▶ [Exercise requirements]
Write the data out again exactly, with every picture removed.

▶ [Supplied material]

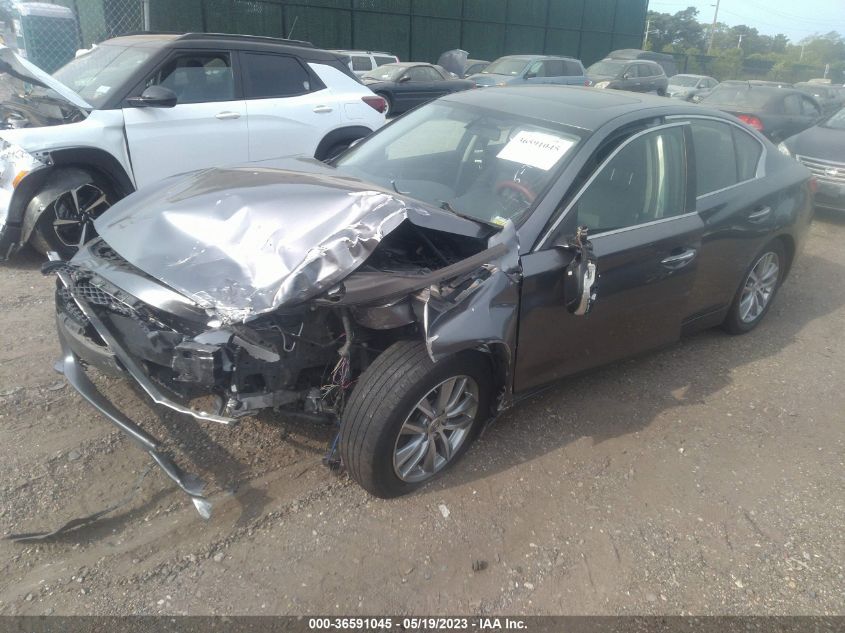 2015 INFINITI Q50 - JN1BV7AR1FM398503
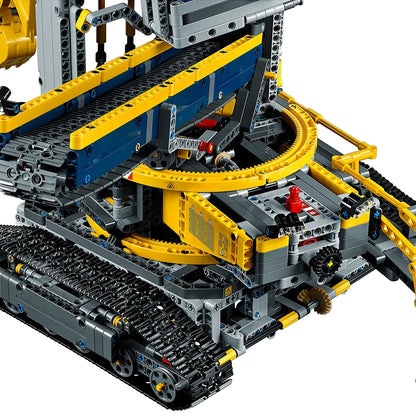 Bucket Wheel Excavator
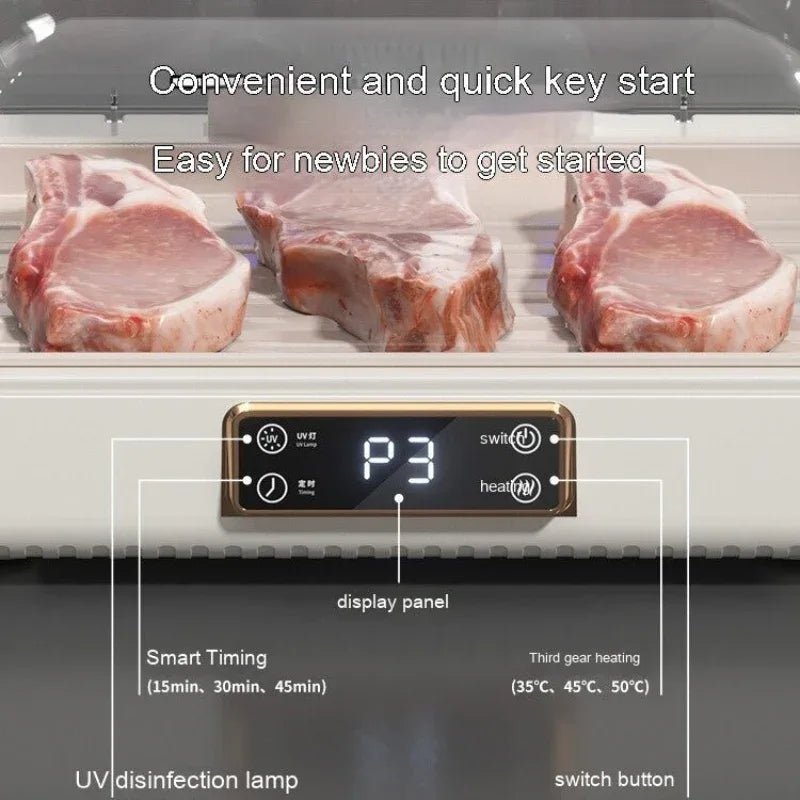 Thawing Plate Heating Household Cooking Device - Weriion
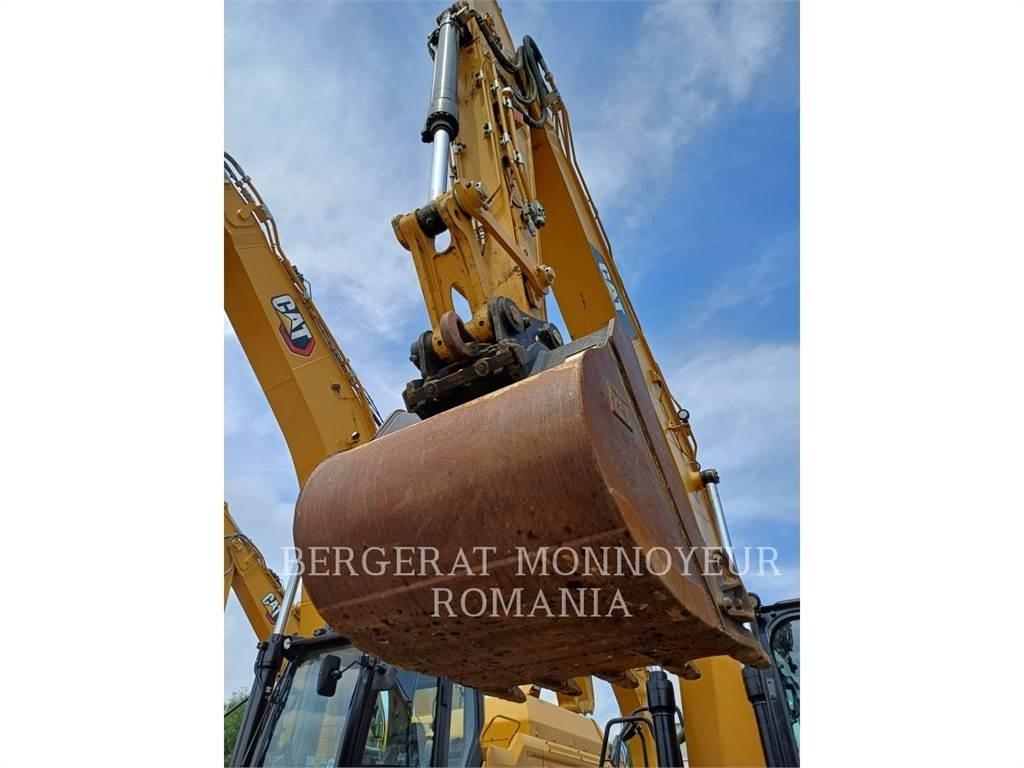 CAT 320-07 Escavadeiras de esteiras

▶ [Your solution]
 2015 INFINITI Q50 - JN1BV7AR1FM398503
 Bucket Wheel Excavator
 Thawing Plate Heating Household Cooking Device - Weriion
 CAT 320-07 Escavadeiras de esteiras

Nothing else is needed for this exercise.